As of June 2013, there are now over
300,000 900,000 apps available in the Apple App Store. With that number of apps available and new ones being released every day, it’s difficult for a developer to get exposure and chart placement for their apps. Getting an app into a category’s Top 100 in the App Store gives apps greater visibility and exposure and can mean the difference between selling thousands of copies of an app or dozens. A few unscrupulous developers resort to fake or “shill” App Store reviews in order to improve chart position and increase sales.
Nearly all of the developers in the App Store do not do this — their reviews, good or bad, are authentic. While not a widespread problem, shill reviews undermine the integrity of the user review process of the App Store. Creating fake reviews to drive up traffic increases sales and chart rankings, but it also rewards these unscrupulous developers. It also takes up chart slots that could go to honest developers who play the rules.

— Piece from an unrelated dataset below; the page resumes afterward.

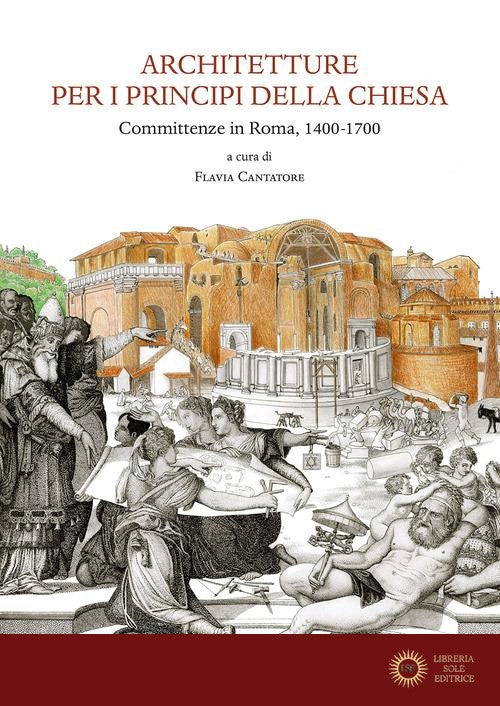 Architetture per i principi della Chiesa. Committenze in Roma 1400-1700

A lot of five star reviews and favorable written reviews can sometimes mislead an unsuspecting buyer into purchasing the app. The app often doesn’t live up to the hype of the fake reviews, but it’s only a dollar or two, right? The problem is that when an app charts — good or bad — once it breaks the Top 100 of its category, it’s probably selling hundreds or thousands of copies a day. At a dollar or two, that’s a lot of money going to a shady developer who’s selling a sub-par app. The real app store user reviews for these apps are often overshadowed by the sheer number of fake reviews and get buried.
Probably the most high profile shill review scam was the Molinker app review scam uncovered and reported by Glyn Evans and Pat Timney on The iPhoneography Blog last year. Shill review scams can get a developer booted from the App Store.

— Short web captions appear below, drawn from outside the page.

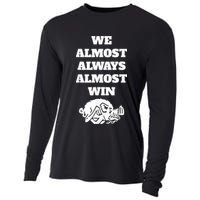 We Almost Always Almost Win Arkansas We Almost Always Almost Win Funny Cooling Performance Long Sleeve Crew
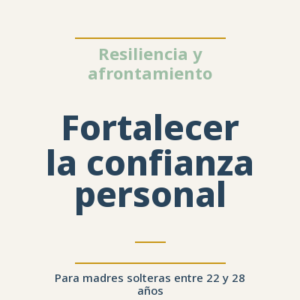 Fortalecer la confianza personal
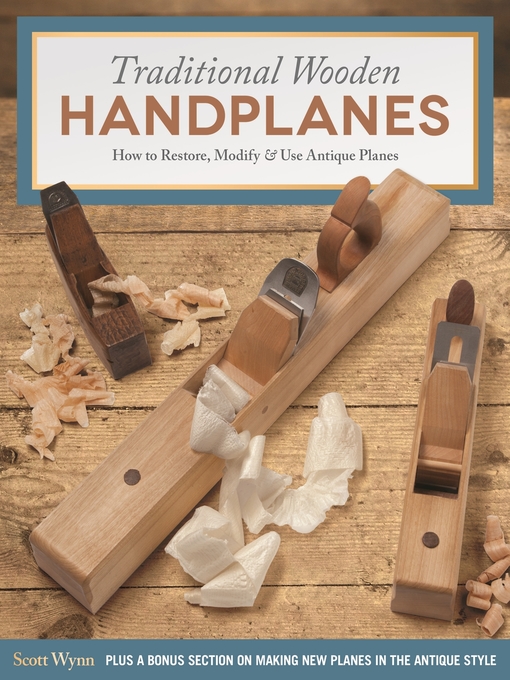 Title details for Traditional Wooden Handplanes by Scott Wynn - Available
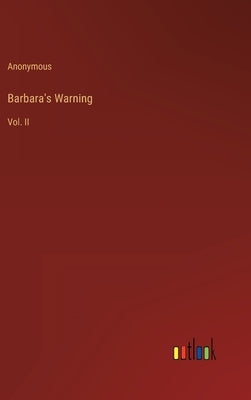 Barbara's Warning: Vol. II by Anonymous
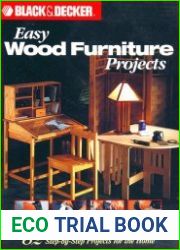 Easy Wood Furniture Projects 32 Step-By-Step Projects for the Home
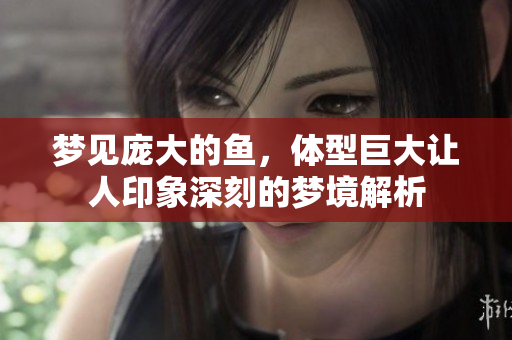 梦见庞大的鱼，体型巨大让人印象深刻的梦境解析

Shill reviews violate Apple’s Terms of Service, but are difficult to prove beyond a shadow of a doubt. Fortunately, with a little digging, they’re very easy for a consumer to spot.
1. A huge number of 5 star ratings — up to 50 — within hours of the app’s release. Developers are given a max of 50 promo codes for each version of an app. If you see a lot of high star ratings in a new app and very few (or none) written reviews, odds are that the developer created a bunch of fake iTunes accounts and used their allotment of promo codes to give themselves a bunch of 5 (and the occasional 4) star reviews. It’s human nature — not every user will like an app. A genuine app review should have a good distribution of 1, 2, 3, 4 and 5 star ratings. If the app is that good, the ratings will be weighted to 5 and 4 stars, but it will still have some ratings of 3, 2 and 1 stars.
UPDATE 09.01.13: When I first wrote this post in October 2010, you were able to write App Store reviews if you’d gotten the app by using a developer promo code. As reader/commenter Chris correctly states below, Apple will no longer let you do that.
One thing I have noticed, however, are commercial apps that go free for a very short period of time — often less than a few hours. In theory, this could allow those user accounts the ability to review the app. =M=
2. A large number of short, generic, non-specific reviews written in similar style and similar grammar — sometimes similar bad grammar.
3. Written reviews posted by a large number of users who have never reviewed an app before or who have only written reviews of that developer’s apps.
App review blogs, such as Life In LoFi, iPhone Photography School, and other websites are good places to find legitimate and honest app reviews. Often, we’ll call out developers who resort to these shady tactics. Again, most iPhone app developers don’t resort to shill reviews. With a little vigilance, you can avoid getting scammed by fake reviews.